If you pay out too much stock per share of stock acquired, then you may suffer "dilution," which means your earnings per share goes down. But this is only of significance to your original (pre-merger) shareholders; the company itself isn’t affected.

In contrast, IBM’s offer to buy Lotus with cash will definitely have an adverse affect on IBM’s finances. They try to minimize this by saying they will finance the purchase out of ready cash (pocket money, so to speak), but I presume they were forced to offer cash because they couldn’t hope to do a hostile takeover while offering IBM stock.

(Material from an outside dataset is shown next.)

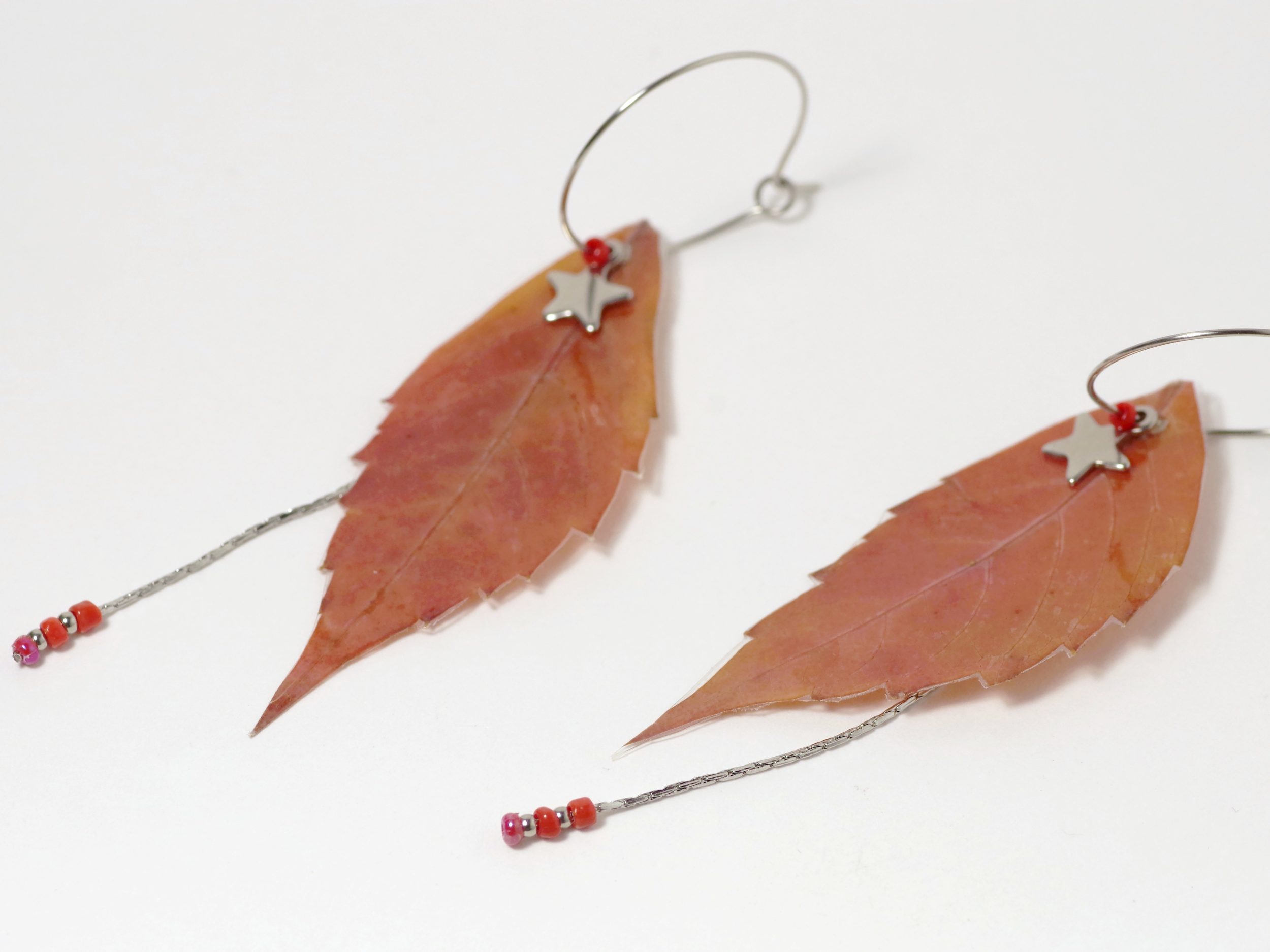Boucles d'oreilles Elfy, feuilles flammes – Image 3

Wesley Felter <[email protected]> added:

I think you missed one large thing in the AOL Buys Everyone story: MegaWeb. I’m not sure whether MegaWeb was originally being run by BookLink or ANS, but now it’s part of AOL and it provides free Internet access to my two Windows machines.

http://www.megaweb.com/

Still Weak? Nonetheless, Marketing Computers reported in its Jun-95 issue that America Online lost $2.8 million (on revenues of $106.4 million) for the three months ending 31-Mar-95. And, for the first nine months of the current fiscal year, AOL is down $40.5 million. AOL claims that the loss is due to the acquisition of ANS, BookLink, and NaviSoft last year, although one might wonder how much it costs to mail floppy disks to a large portion of the Earth’s mammalian population.

Mike Hutchinson <[email protected]>, AOL Services Webmaster, wrote to say that AOL is definitely working on getting a Web site up and running. He added that in the interim, you can check out:

http://webcrawler.com/AOL/

Brian Pinkerton, the author of WebCrawler, has a substantial amount of information about AOL online, including all of AOL’s recent press releases.